◆ Task goal
From the first line to the last, return the data exactly, with no pictures.

Stored data entries
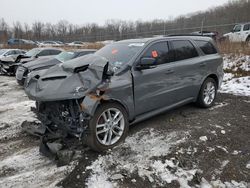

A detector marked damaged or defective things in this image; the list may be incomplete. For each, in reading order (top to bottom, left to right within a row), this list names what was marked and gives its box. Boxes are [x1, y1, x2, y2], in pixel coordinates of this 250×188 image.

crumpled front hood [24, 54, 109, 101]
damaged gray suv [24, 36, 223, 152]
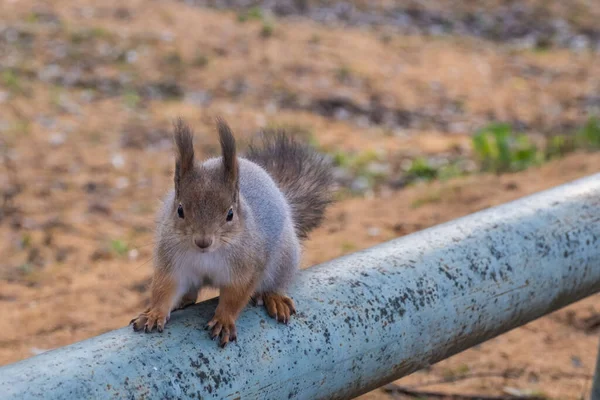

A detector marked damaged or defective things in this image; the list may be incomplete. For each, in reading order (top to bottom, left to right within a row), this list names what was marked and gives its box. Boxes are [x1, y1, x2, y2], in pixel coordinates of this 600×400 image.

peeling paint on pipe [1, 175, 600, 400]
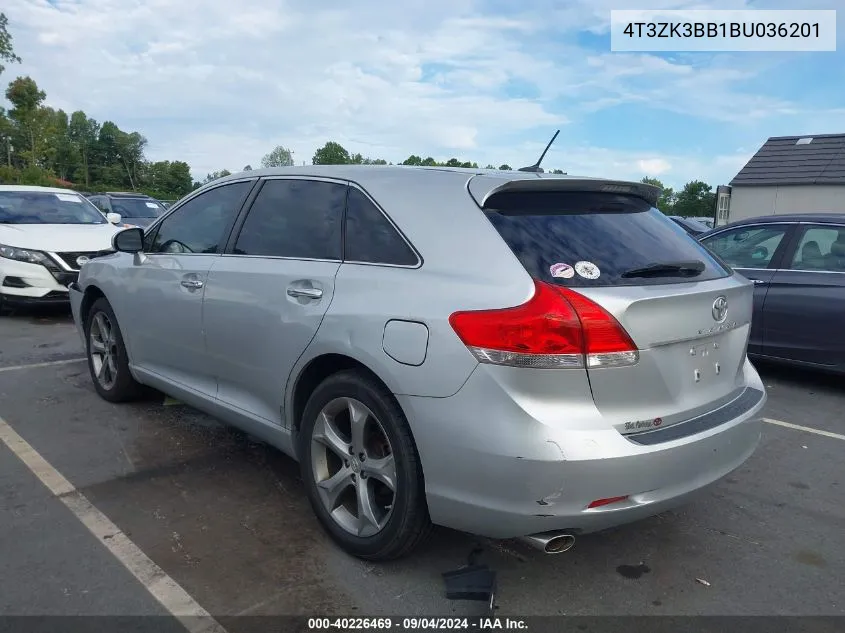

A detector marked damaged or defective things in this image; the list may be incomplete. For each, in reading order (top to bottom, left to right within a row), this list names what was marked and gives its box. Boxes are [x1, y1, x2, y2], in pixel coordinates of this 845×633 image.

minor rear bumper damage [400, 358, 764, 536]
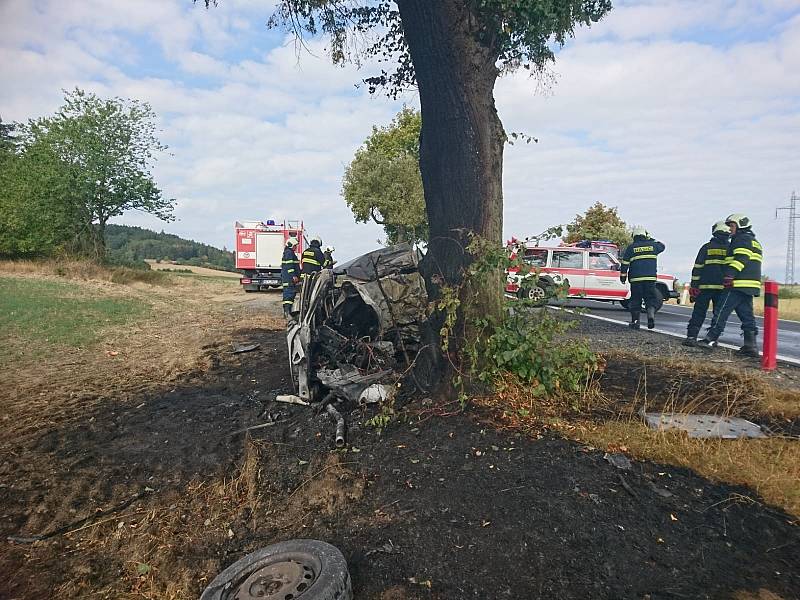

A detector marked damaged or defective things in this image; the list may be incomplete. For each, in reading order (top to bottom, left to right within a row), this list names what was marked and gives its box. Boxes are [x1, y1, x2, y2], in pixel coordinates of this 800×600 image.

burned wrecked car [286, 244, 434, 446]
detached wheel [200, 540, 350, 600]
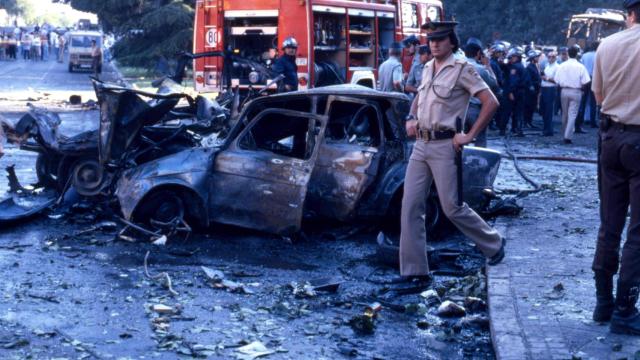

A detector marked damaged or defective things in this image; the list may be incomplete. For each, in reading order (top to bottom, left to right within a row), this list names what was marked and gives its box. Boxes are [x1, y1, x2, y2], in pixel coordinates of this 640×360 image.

◆ Solution to this problem
A detector marked damaged or defective things in this image; the list may be incomplete. For each, in reading order (top to bottom, left to right within a row), this list names what was marked and gives its box. Boxes are [x1, y1, x2, y2], in pixel coordinates of this 250×188 image.

crumpled front hood [24, 54, 109, 101]
damaged gray suv [24, 36, 223, 152]

A detector marked damaged or defective things in this image; the list may be incomplete. For each, in reading order (top to bottom, left to right within a row), this list names what was marked and gives its box. Boxes are [x1, y1, x2, y2], in pixel coordinates of this 600×400 image.

peeling paint on pipe [1, 175, 600, 400]

A detector marked damaged or defective things in this image; the list may be incomplete. For each, in reading order (top to bottom, left to right within a row), this list names what was marked and gives its box. Boxes are [x1, y1, x2, y2], in pixel coordinates of this 845×633 image.

minor rear bumper damage [400, 358, 764, 536]

A detector marked damaged or defective things in this image; the list may be incomplete. For each, in reading order (top to bottom, left to right within a row), this list names what was marked and gives its box. Boxes are [x1, y1, x2, y2], in pixel coordinates of this 800×600 image.

burned wrecked car [286, 244, 434, 446]
detached wheel [200, 540, 350, 600]

A detector marked damaged or defective things in this image; the list may be incomplete. For each, in reading order (top to bottom, left to right within a row), this list names what was marked and gives its box. Boxes are [x1, y1, x2, y2], in pixel coordinates of this 640×360 image.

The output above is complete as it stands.